Bug 1881246
| Summary: | Overlapping, divergent PrometheusRule manifests | ||
|---|---|---|---|
| Product: | OpenShift Container Platform | Reporter: | W. Trevor King <wking> |
| Component: | kube-controller-manager | Assignee: | Maciej Szulik <maszulik> |
| Status: | CLOSED ERRATA | QA Contact: | RamaKasturi <knarra> |
| Severity: | low | Docs Contact: | |
| Priority: | medium | ||
| Version: | 4.6 | CC: | aos-bugs, knarra, mfojtik |
| Target Milestone: | --- | ||
| Target Release: | 4.6.0 | ||
| Hardware: | Unspecified | ||
| OS: | Unspecified | ||
| Whiteboard: | |||
| Fixed In Version: | Doc Type: | If docs needed, set a value | |
| Doc Text: | Story Points: | --- | |
| Clone Of: | Environment: | ||
| Last Closed: | 2020-10-27 16:43:44 UTC | Type: | Bug |
| Regression: | --- | Mount Type: | --- |
| Documentation: | --- | CRM: | |
| Verified Versions: | Category: | --- | |
| oVirt Team: | --- | RHEL 7.3 requirements from Atomic Host: | |
| Cloudforms Team: | --- | Target Upstream Version: | |
| Embargoed: | |||
Verified with the payload below and i only see one single file with all the contents in the PR present after doing an oc adm release extract.

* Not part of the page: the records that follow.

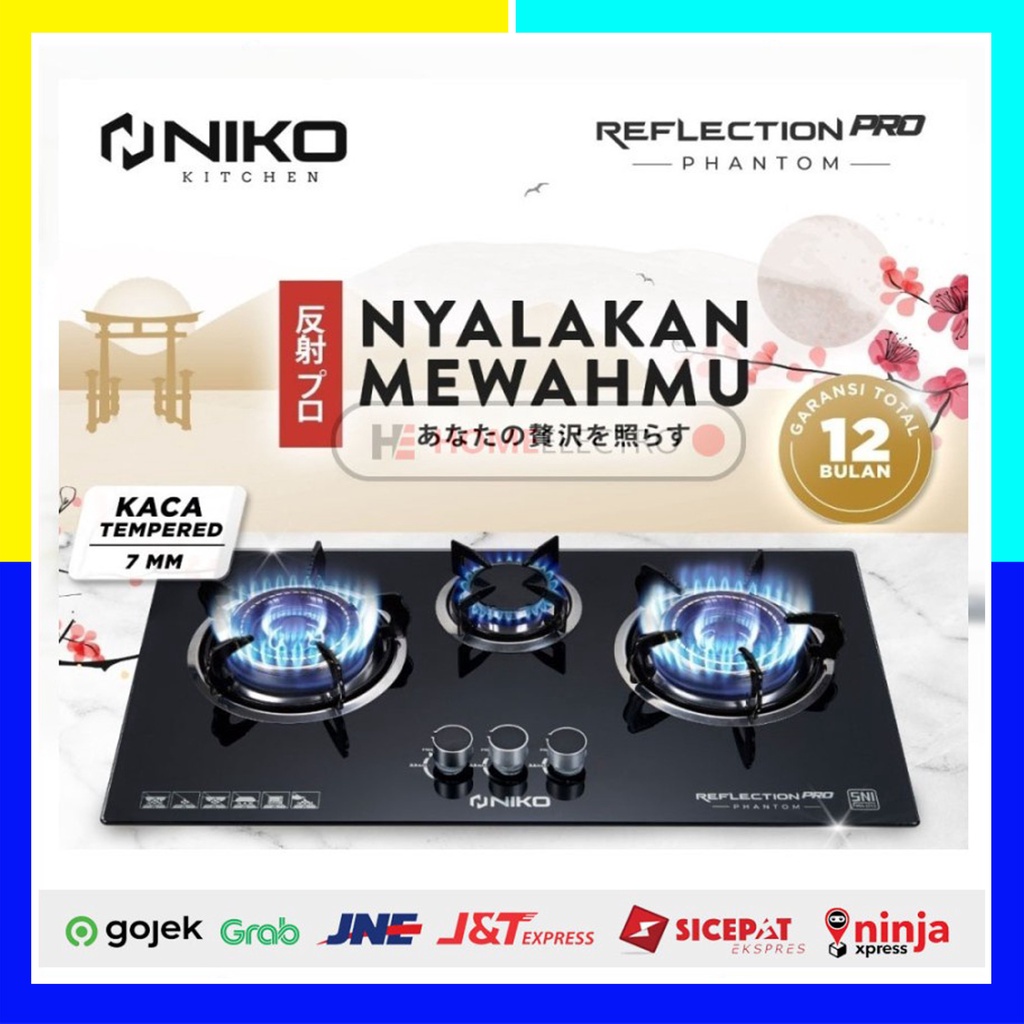 Kompor Gas Tanam Niko 3 Tungku Reflection Black Pro Phantom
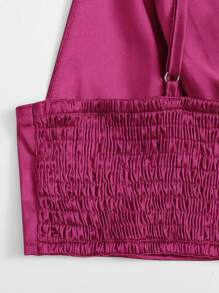SHEIN ICON Shirred Back Satin Bralet Top - Red Violet - View 3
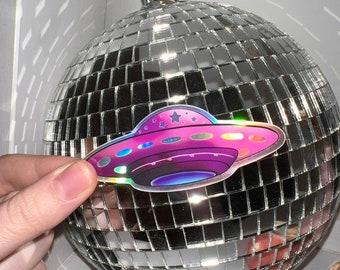 Pink Holographic UFO Vinyl Sticker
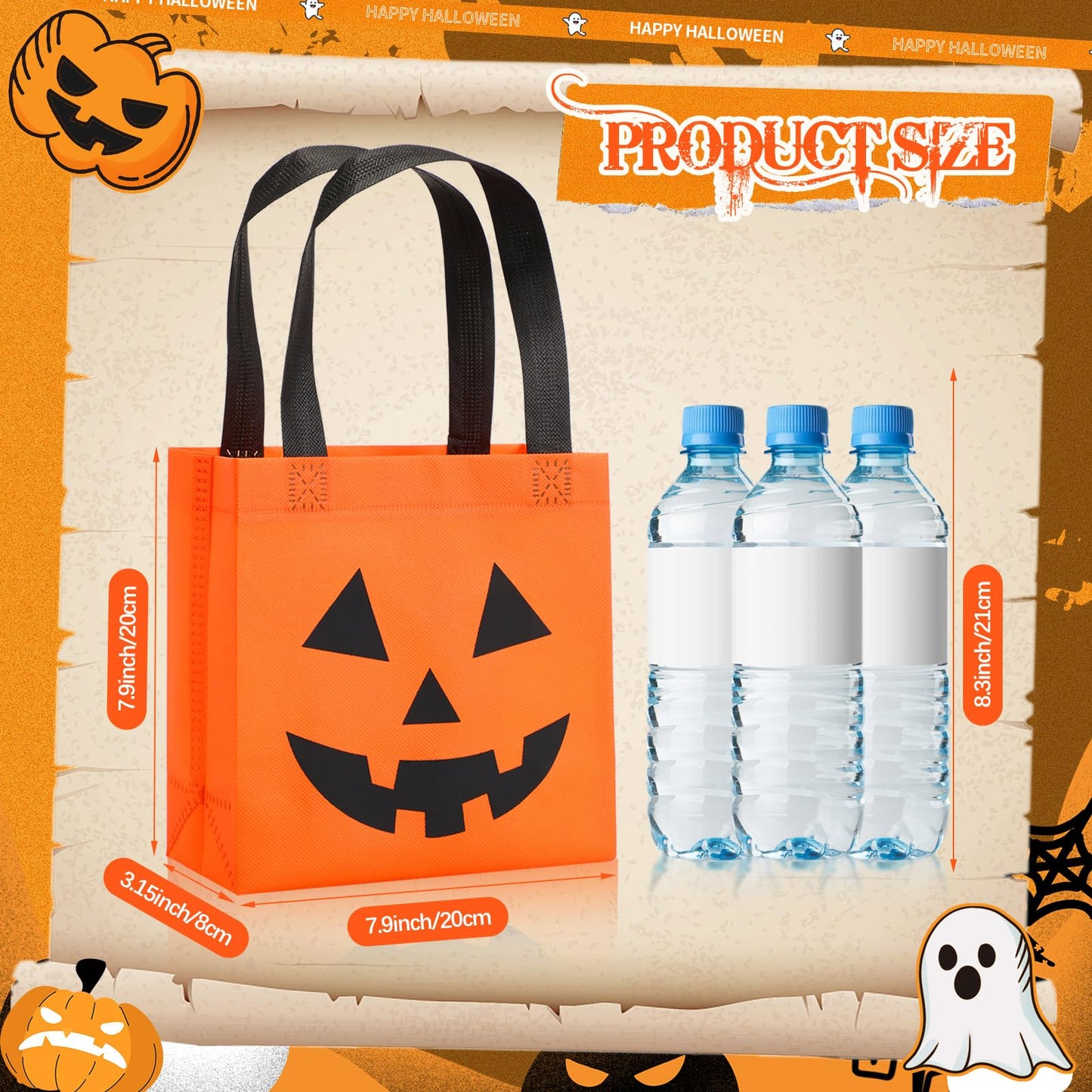 Silkfly 7.9 x 7.9 Inches Halloween Non Woven Bags Pumpkin Bags Trick or Treat Bags with Handles Goody Tote Gift Bag for Halloween Party Favors Supplies Kids Adults (50), (HAA-Silkfly-1274)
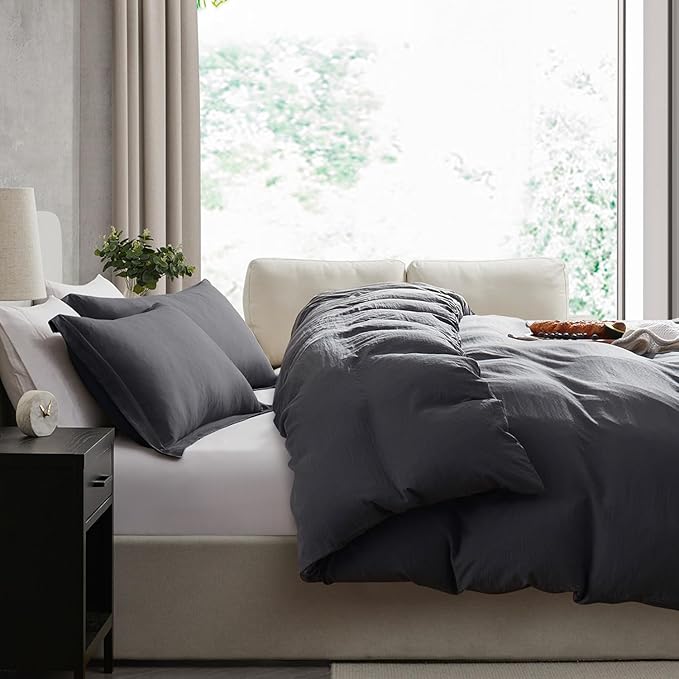 Nestl Dark Grey Duvet Cover King Size - Image 7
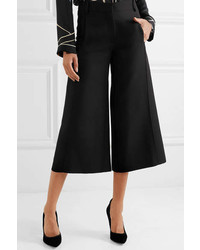 Valentino Wool And Silk Blend Crepe Culottes Black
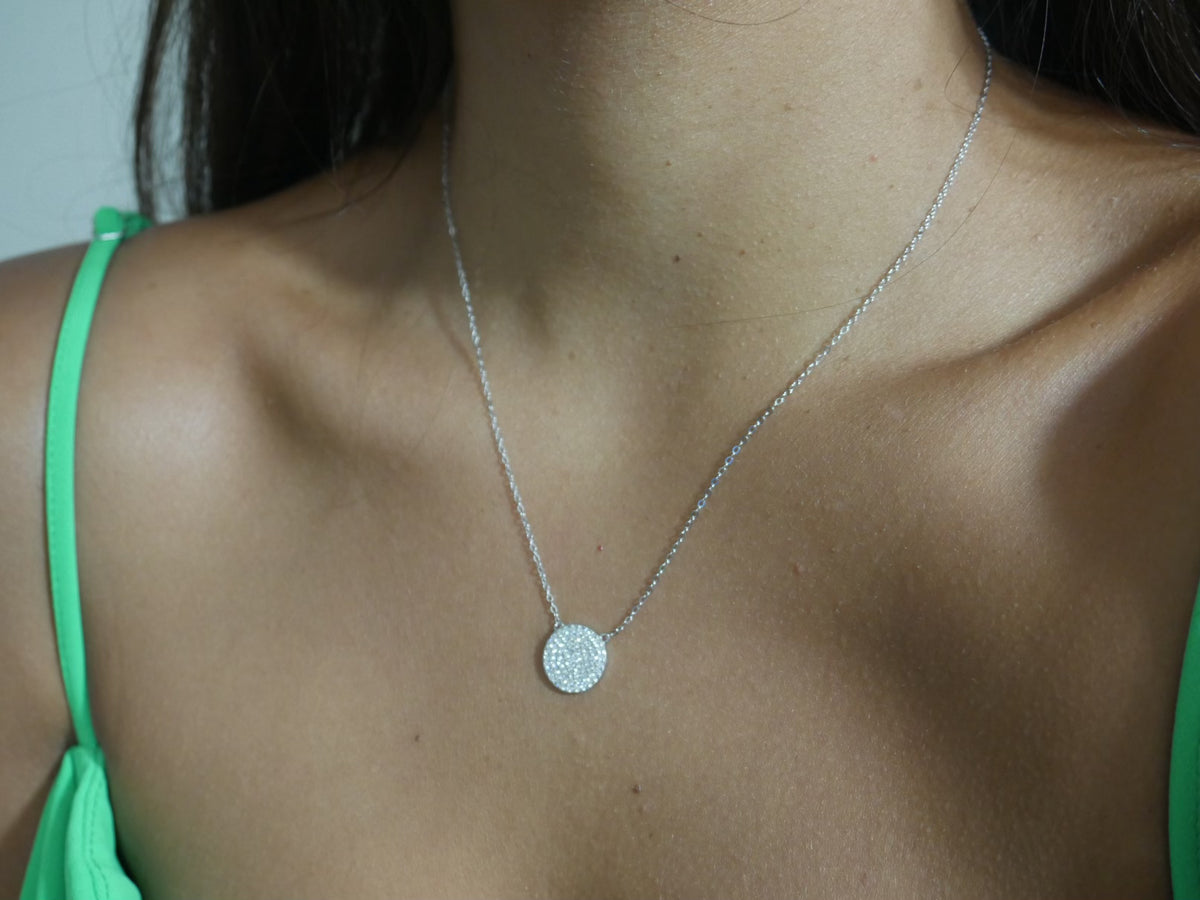 Circle Necklace Pave Zircon All Around Daily Wear .925 Sterling Silver Luxury Necklace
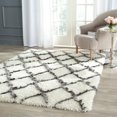 thumbnail image 1 of SAFAVIEH Moroccan Luvenia Geometric Shag Area Rug, Ivory/Grey, 4' x 6', 1 of 5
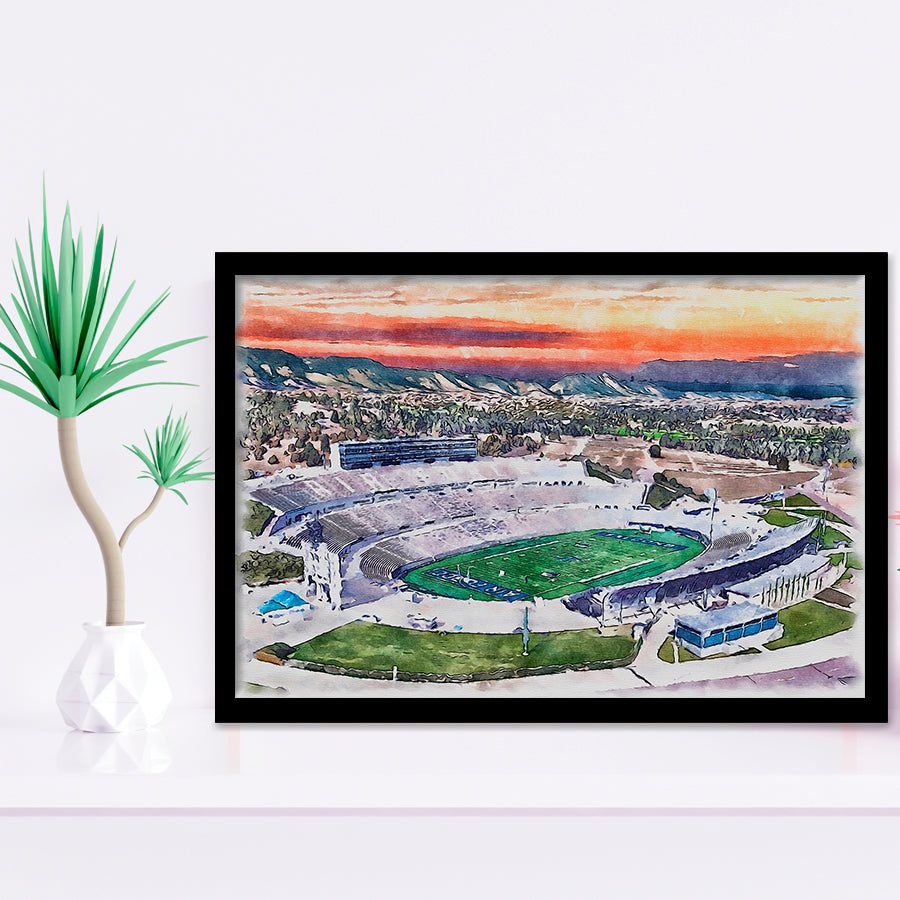 Falcon Stadium WaterColor Framed Art Prints, Air Force Watercolor, Stadium Art Gifts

[ramakasturinarra@dhcp35-60 openshift-client-linux-4.6.0-0.nightly-2020-09-24-015627]$ ./oc get clusterversion
NAME VERSION AVAILABLE PROGRESSING SINCE STATUS
version 4.6.0-0.nightly-2020-09-24-015627 True False 5h18m Cluster version is 4.6.0-0.nightly-2020-09-24-015627
[ramakasturinarra@dhcp35-60 openshift-client-linux-4.6.0-0.nightly-2020-09-24-015627]$ ./oc version
Client Version: 4.6.0-0.nightly-2020-09-24-015627
Server Version: 4.6.0-0.nightly-2020-09-24-015627
Kubernetes Version: v1.19.0+fff8183
[ramakasturinarra@dhcp35-60 manifests]$ cat 0000_90_kube-controller-manager-operator_05_alerts.yaml
apiVersion: monitoring.coreos.com/v1
kind: PrometheusRule
metadata:
name: kube-controller-manager-operator
namespace: openshift-kube-controller-manager-operator
annotations:
include.release.openshift.io/self-managed-high-availability: "true"
exclude.release.openshift.io/internal-openshift-hosted: "true"
spec:
groups:
- name: cluster-version
rules:
- alert: KubeControllerManagerDown
annotations:
message: KubeControllerManager has disappeared from Prometheus target discovery.
expr: |
absent(up{job="kube-controller-manager"} == 1)
for: 15m
labels:
severity: critical
- alert: PodDisruptionBudgetAtLimit
annotations:
message: The pod disruption budget is preventing further disruption to pods because it is at the minimum allowed level.
expr: |
max by(namespace, poddisruptionbudget) (kube_poddisruptionbudget_status_expected_pods == kube_poddisruptionbudget_status_desired_healthy)
for: 15m
labels:
severity: warning
- alert: PodDisruptionBudgetLimit
annotations:
message: The pod disruption budget is below the minimum number allowed pods.
expr: |
max by (namespace, poddisruptionbudget) (kube_poddisruptionbudget_status_expected_pods < kube_poddisruptionbudget_status_desired_healthy)
for: 15m
labels:
severity: critical
Based on the above moving the bug to verified state.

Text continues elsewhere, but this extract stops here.